Care for some dihydrogen monoxide with your next meal?

You may have instinctual skepticism to that offer. But that’s the chemical name for H2O; good old-fashioned water.

A recent report reveals 10 percent of young adults want to ban dihydrogen monoxide from food and beverages. Obviously, news like this is frustrating to knowledgeable food scientists—or people who have seen Penn & Teller’s old skit.

The so-called “clean label” trend has been growing in recent years and is driven—at least in part—by hysterical responses to perfectly harmless ingredients that have a chemical name (like “high fructose corn syrup”) instead of a simpler name (like “corn sugar”).

Another recent example involves a lawsuit challenging the trendy La Croix drink for its “100% natural” claim, citing the beverage’s use of ingredients with unfamiliar names, including limonene and linalool.
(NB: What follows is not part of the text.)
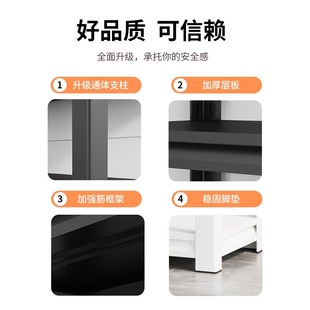 家用货架置物架多层落地仓库w阳台储藏室快递站多用超市钢制收纳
As research from Popular Science details, limonene is an oil extract from orange peels and linalool is an ingredient found in cinnamon and related plants.

Many people are familiar with the vitamin B12, but—per FDA regulations—B12 appears on some food labels as cyanocobalamin, which certainly doesn’t sound like something from the family recipe book, despite being a naturally occurring compound found in beef and tuna.

All this is to say that “clean labels” are not indicative of a food’s quality or how healthy it is.

Clearly, the natural food trend has a certain sentimental appeal, though it carries with it some downright farcical baggage, such as the rejection of any ingredients that don’t pass the “pronounceability test.”

Over the years, food scientists have worked to refine foods in order to reduce spoilage and contamination, allowing consumers to be less wasteful. That work should be celebrated, not shunned over mere terminology. And since we can’t expect consumer to become food technologists, it might be helpful if regulators and ingredient makers agreed to use simpler (but accurate) names instead of technical ones.